> TASK TO COMPLETE
Tally how many lines in this material contain the word "Benz", and reply only with the count.
**** AVAILABLE DATA ****
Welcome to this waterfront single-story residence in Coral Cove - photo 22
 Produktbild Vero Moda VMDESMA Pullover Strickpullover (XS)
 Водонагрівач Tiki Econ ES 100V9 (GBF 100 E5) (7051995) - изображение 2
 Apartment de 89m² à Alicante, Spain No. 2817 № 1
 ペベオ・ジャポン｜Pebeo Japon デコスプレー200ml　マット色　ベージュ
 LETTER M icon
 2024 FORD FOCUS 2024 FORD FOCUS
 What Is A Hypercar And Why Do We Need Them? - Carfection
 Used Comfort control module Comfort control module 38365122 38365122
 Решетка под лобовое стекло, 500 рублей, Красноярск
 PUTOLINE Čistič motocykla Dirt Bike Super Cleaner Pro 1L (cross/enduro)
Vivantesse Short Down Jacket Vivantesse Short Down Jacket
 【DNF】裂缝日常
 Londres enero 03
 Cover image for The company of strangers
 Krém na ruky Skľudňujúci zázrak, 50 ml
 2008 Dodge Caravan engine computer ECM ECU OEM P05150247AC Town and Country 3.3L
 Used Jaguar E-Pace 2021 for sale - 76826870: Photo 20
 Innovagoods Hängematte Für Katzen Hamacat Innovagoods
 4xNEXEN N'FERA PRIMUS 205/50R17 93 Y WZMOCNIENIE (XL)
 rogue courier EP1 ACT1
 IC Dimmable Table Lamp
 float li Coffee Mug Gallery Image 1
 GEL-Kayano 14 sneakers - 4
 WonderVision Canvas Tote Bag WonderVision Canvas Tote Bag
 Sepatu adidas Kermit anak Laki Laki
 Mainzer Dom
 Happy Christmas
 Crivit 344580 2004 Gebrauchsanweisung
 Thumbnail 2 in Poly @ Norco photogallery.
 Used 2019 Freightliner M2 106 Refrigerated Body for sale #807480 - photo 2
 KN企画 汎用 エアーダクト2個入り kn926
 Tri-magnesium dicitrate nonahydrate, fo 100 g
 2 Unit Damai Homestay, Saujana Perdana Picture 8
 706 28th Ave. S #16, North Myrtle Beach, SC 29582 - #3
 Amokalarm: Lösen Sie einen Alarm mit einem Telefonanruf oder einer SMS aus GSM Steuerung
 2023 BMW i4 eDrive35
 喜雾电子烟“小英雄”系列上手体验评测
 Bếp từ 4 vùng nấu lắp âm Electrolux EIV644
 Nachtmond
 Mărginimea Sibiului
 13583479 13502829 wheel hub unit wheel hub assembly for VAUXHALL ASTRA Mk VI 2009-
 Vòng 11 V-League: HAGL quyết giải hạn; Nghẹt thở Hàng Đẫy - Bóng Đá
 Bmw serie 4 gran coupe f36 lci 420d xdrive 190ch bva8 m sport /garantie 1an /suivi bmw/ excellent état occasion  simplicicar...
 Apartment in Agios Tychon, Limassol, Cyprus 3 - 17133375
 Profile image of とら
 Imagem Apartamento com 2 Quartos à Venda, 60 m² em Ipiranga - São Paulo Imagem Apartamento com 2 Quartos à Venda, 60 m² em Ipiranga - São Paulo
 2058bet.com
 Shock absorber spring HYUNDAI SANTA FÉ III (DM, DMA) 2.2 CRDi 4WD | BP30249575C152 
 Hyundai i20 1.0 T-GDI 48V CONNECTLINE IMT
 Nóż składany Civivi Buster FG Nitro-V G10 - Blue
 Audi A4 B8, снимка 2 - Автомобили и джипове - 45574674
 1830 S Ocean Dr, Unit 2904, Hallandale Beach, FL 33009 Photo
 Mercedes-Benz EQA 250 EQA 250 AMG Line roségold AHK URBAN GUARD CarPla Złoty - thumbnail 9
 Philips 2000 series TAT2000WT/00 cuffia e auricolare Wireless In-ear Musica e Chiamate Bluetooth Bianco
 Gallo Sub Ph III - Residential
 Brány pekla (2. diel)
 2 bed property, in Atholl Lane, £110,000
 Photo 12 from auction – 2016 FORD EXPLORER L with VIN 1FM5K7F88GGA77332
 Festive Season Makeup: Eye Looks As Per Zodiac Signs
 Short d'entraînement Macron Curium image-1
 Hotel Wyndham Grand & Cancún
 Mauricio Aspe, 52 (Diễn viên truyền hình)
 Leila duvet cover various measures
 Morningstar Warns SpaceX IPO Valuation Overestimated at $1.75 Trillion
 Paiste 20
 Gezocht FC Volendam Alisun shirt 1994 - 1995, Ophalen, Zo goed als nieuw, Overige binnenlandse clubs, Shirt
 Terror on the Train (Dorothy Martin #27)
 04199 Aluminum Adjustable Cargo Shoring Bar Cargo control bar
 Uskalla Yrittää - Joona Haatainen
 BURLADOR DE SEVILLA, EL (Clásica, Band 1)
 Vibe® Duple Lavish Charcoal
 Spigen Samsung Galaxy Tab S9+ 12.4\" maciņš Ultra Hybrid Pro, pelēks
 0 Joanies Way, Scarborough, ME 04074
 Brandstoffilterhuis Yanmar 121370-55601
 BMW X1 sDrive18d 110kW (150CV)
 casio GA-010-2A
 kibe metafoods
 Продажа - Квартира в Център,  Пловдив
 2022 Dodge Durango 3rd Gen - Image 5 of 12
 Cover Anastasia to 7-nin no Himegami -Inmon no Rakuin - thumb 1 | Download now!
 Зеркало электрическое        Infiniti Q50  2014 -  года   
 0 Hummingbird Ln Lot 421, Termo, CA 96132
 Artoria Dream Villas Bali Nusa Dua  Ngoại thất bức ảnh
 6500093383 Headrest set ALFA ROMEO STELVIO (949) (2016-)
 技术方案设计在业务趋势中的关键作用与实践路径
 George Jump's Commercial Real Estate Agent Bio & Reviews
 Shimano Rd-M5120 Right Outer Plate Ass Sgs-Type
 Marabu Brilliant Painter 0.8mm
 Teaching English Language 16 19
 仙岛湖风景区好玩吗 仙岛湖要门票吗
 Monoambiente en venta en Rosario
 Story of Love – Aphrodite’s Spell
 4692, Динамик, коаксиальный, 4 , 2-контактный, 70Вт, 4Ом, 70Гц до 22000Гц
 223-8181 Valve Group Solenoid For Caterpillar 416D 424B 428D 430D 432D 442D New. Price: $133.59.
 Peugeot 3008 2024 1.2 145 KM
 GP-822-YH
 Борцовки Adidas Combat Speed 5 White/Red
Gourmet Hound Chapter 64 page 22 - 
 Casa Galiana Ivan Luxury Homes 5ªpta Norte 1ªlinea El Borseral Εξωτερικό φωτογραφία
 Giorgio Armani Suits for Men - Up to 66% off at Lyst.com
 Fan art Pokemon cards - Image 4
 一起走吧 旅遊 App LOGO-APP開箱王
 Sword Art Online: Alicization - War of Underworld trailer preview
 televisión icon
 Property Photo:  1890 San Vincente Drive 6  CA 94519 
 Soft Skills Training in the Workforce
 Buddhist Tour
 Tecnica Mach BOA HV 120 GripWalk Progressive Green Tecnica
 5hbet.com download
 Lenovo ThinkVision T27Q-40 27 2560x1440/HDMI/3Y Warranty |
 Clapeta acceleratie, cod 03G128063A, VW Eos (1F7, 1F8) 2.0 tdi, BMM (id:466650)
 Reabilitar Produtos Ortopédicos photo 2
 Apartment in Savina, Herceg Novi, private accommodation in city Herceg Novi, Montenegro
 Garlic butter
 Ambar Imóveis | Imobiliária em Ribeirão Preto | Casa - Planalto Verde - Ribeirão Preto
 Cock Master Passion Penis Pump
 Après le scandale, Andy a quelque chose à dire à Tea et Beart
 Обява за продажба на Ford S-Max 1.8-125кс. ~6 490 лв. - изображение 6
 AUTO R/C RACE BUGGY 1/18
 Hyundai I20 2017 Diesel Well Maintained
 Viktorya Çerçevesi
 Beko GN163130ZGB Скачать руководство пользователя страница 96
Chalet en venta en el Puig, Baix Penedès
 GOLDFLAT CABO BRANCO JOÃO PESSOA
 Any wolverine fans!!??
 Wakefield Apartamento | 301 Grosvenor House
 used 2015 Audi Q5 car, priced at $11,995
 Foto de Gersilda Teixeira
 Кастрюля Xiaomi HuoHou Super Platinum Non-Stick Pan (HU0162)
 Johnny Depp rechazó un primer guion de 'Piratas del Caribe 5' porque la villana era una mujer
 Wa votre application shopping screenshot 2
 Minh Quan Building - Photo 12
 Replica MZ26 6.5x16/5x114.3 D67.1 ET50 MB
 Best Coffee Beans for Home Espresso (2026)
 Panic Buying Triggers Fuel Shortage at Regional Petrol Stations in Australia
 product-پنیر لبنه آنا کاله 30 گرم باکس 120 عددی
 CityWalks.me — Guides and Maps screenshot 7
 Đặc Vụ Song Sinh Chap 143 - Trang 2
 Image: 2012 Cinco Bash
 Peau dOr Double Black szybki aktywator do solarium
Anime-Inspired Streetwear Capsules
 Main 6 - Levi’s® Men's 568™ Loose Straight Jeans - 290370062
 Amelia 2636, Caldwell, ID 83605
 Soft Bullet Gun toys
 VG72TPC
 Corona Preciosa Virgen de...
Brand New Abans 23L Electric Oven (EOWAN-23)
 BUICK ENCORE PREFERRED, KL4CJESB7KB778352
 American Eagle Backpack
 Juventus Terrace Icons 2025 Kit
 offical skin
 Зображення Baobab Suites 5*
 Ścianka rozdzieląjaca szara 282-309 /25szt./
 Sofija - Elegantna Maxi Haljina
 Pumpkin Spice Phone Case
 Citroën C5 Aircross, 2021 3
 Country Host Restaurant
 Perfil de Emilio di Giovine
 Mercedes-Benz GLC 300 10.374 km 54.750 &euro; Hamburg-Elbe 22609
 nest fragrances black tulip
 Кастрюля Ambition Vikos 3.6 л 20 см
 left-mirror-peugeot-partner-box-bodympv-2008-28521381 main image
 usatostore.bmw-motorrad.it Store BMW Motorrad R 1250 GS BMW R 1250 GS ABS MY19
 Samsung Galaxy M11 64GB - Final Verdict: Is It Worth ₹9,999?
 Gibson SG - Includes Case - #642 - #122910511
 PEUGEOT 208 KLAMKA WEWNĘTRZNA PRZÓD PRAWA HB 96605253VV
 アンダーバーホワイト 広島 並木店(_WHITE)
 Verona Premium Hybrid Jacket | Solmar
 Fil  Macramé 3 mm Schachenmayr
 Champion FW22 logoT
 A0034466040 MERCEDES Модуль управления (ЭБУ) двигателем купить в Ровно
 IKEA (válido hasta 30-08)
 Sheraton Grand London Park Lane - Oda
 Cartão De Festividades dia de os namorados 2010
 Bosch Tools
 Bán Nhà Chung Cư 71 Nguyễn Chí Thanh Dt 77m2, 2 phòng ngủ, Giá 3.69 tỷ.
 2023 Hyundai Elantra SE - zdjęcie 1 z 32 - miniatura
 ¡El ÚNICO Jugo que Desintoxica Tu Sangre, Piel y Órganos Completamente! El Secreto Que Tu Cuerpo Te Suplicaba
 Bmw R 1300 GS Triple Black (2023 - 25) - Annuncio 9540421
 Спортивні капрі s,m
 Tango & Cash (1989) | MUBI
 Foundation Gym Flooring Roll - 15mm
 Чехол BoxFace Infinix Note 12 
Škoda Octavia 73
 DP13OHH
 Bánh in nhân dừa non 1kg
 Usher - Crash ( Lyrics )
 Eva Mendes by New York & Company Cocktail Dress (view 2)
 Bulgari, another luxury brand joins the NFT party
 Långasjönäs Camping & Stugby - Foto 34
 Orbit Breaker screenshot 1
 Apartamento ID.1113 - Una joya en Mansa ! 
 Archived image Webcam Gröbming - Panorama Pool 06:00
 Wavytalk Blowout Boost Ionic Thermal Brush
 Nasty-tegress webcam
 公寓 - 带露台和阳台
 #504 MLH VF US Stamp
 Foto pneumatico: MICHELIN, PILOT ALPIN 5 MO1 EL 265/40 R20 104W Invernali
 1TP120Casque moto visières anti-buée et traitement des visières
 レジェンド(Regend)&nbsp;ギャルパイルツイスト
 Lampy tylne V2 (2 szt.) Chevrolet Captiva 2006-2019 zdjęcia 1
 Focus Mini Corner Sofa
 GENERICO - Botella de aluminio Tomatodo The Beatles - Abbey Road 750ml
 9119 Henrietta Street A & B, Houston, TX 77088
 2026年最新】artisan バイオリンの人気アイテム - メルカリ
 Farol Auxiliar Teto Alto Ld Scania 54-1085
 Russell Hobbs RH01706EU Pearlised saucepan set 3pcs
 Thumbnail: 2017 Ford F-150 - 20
****
> WRITTEN RESPONSE
2